European academics have found a new way to predict how strong the sun’s powerful solar storms may be.
They hope their research will help scientists and engineers better plan satellite launches and space missions, as well as predicting how much radiation aeroplanes will be exposed to.
Although humans are shielded from much of the sun’s magnetic energy by the Earth’s atmosphere, ‘space weather’ — the release of magnetic fields, radiation, particles and matter from the sun — can have serious implications for technology.
Back in 2015, for example, aeroplanes vanished from radars in Sweden because of a major solar flare. And earlier this year, dozens of Elon Musk’s Starlink satellites were lost when a solar storm prevented them from reaching their planned orbits.
This failure is thought to have cost more than $50 million.
The sun periodically releases magnetic energy in the form of powerful flares and plasma ejections. The light from these solar explosions can reach Earth as quickly as eight minutes after they occur.
Right after a flare, the sun ejects giant, billion-ton magnetic plasma bubbles than can reach Earth within days if its orbit is favourable.
As well as impacting technology, this affects the northern lights, also known as the aurora borealis.
This solar activity tends to follow an 11-year solar cycle, which can be observed by tracking dark patches on the sun’s surface known as sunspots. These patches are caused by magnetic energy rising from interior of the sun to its surface.
Astronomers have tracked sunspots for around four hundred years, giving scientists an enormous set of data to work with. In fact, sunspot tracking is the longest scientific experiment in history.
Researchers from universities in Russia, Austria, Croatia and Belgium used this data to come up with their new method of predicting the intensity of solar cycles.
During a typical solar cycle, the number of sunspots on the surface of the sun increases, before peaking during the ‘solar maximum’, and then steadily declining again.
The team found they could forecast the amplitude of a cycle from data on the rate of growth in sunspot activity during the first or ‘ascending’ phase of that cycle.
Study co-author and master’s graduate at Skoltech university in Russia, Olga Sutyrina explained: ‘We can predict the cycle amplitude continuously over the development of the ascending phase of a solar cycle and update the prediction when the latest value of the growth rate is larger than the previous one.’
This is only possible because of the rich dataset available to scientists, added study co-author and the head of the World Data Center at the Royal Observatory of Belgium, Frédéric Clette.
Considering the two hemispheres of the sun separately also enhanced the team’s predictions.
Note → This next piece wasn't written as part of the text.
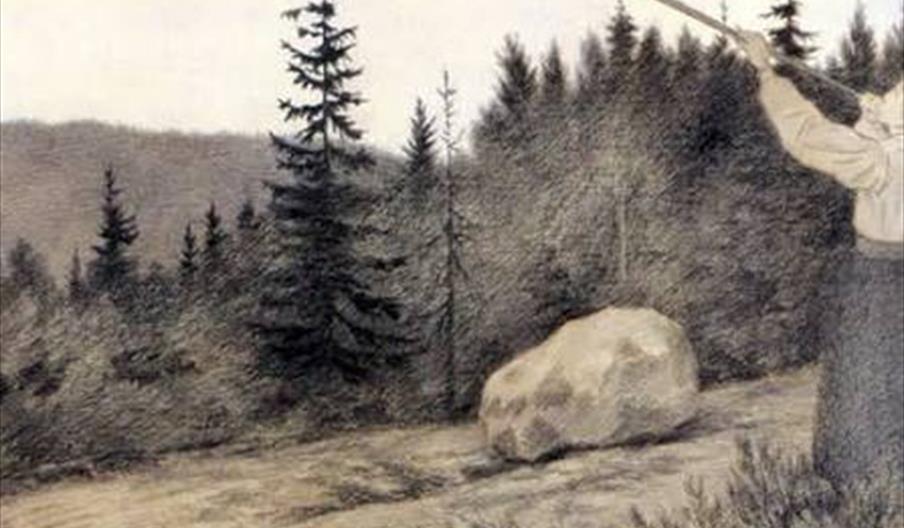 A person standing on a dirt path in a forested area, blowing a long horn, with evergreen trees and a large rock in the background.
This is because this allows researchers to capture ‘the asymmetric and out-of-phase behaviour’ of the evolution of the sun’s magnetic field at its two poles, said Astric Veronig, study co-author and professor at the University of Graz in Austria, Astrid Veronig.
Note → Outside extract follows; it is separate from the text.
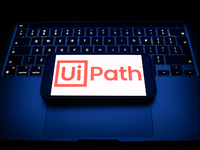 A laptop keyboard and UiPath logo displayed on a smartphone are seen in this illustration photo taken in Krakow, Poland on December 21, 2024...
This new predictive method, which is published in Astronomy & Astrophysics, will help us ‘prepare ourselves in case of an extreme space weather event,” co-author and Skoltech doctoral student Shantanu Jain added.
‘With rising dependence on technology in the 21st century, an extreme space weather event can disrupt our daily life,’ he said. ‘However, effective and accurate space weather prediction techniques can help us to prevent such scenarios.’